[[ Input, beginning ]]

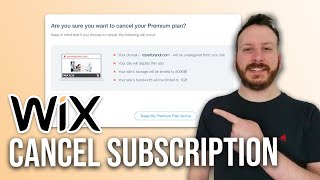 How To Cancel Wix Subscription [upl. by Mccord141]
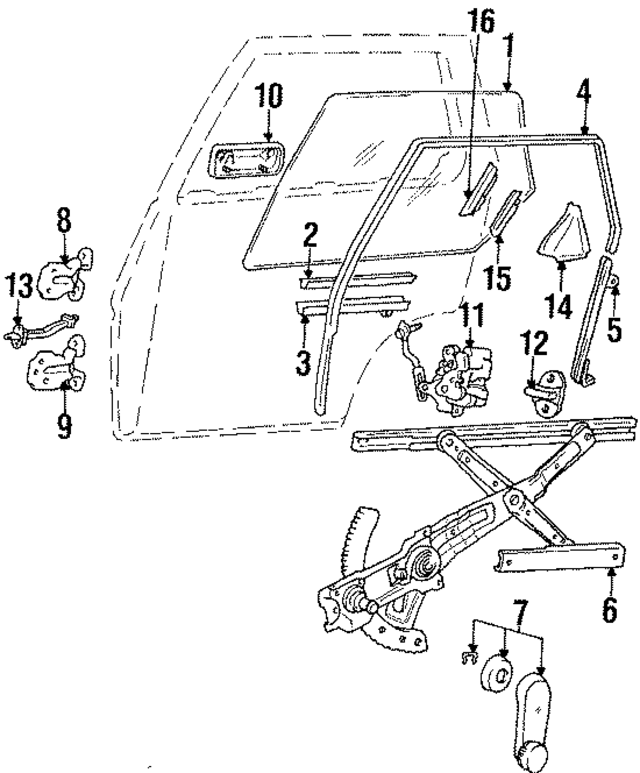 MB364886 - Body: Glass for Mopar Image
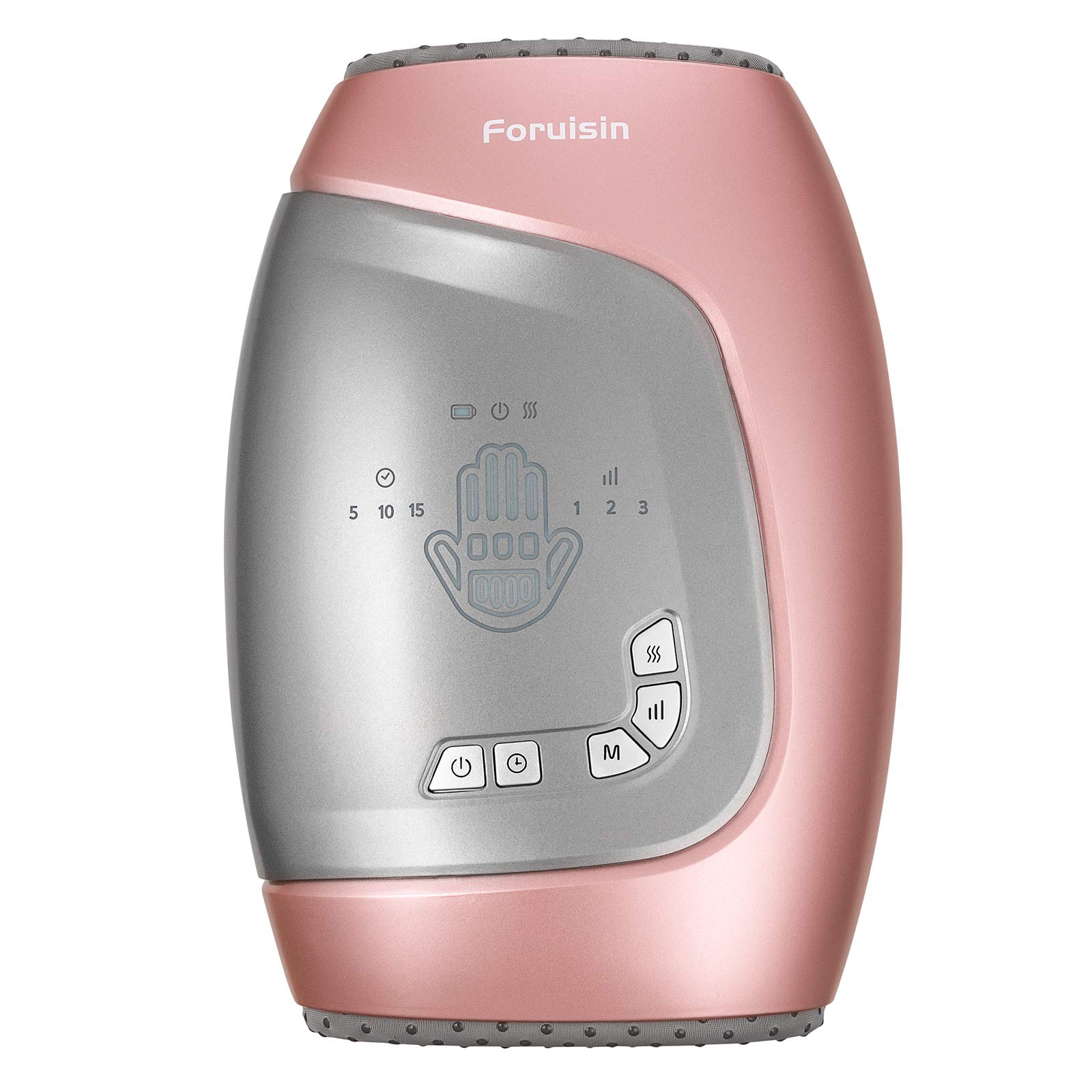 Foruisin Hand Massager with Heat, Cordless Electric Hand Massager Tool Heating and Compression for Arthritis and Carpal Tunnel, 3 Levels Pressure Point Massager from Finger to Wrist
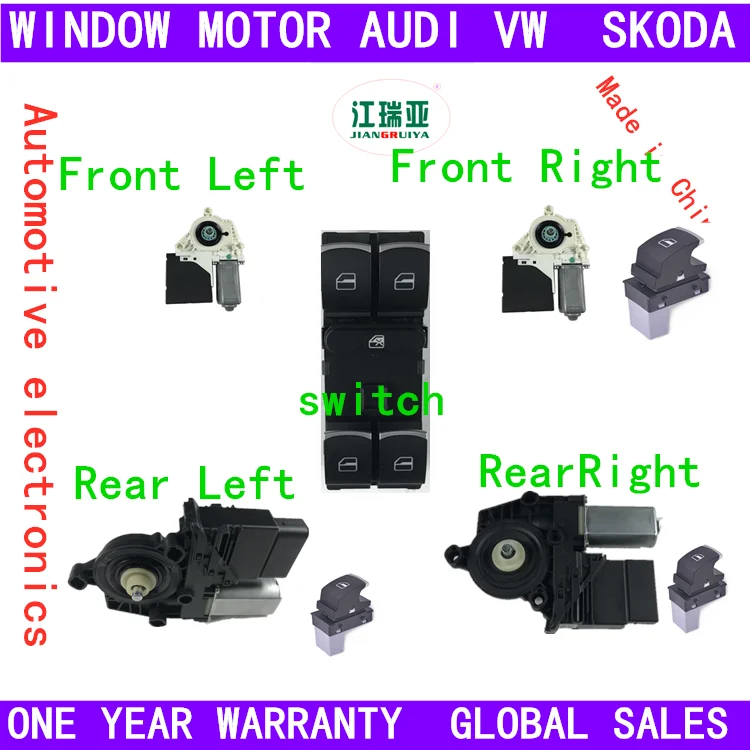 Оконный двигатель Scirocco регулятор окна EOS OE 1Q0959701H 5K0959793A 2008 2015|Стеклоподъемники и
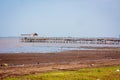 Bamboo dock sea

[[ Input, end ]]

#### What you need to do:
From the line containing "Foruisin Hand Massager" through the last line of the data above, write out every line word for word, and nothing else. Do not include the pictures.

#### Result of this exercise:
 Foruisin Hand Massager with Heat, Cordless Electric Hand Massager Tool Heating and Compression for Arthritis and Carpal Tunnel, 3 Levels Pressure Point Massager from Finger to Wrist
 Оконный двигатель Scirocco регулятор окна EOS OE 1Q0959701H 5K0959793A 2008 2015|Стеклоподъемники и
 Bamboo dock sea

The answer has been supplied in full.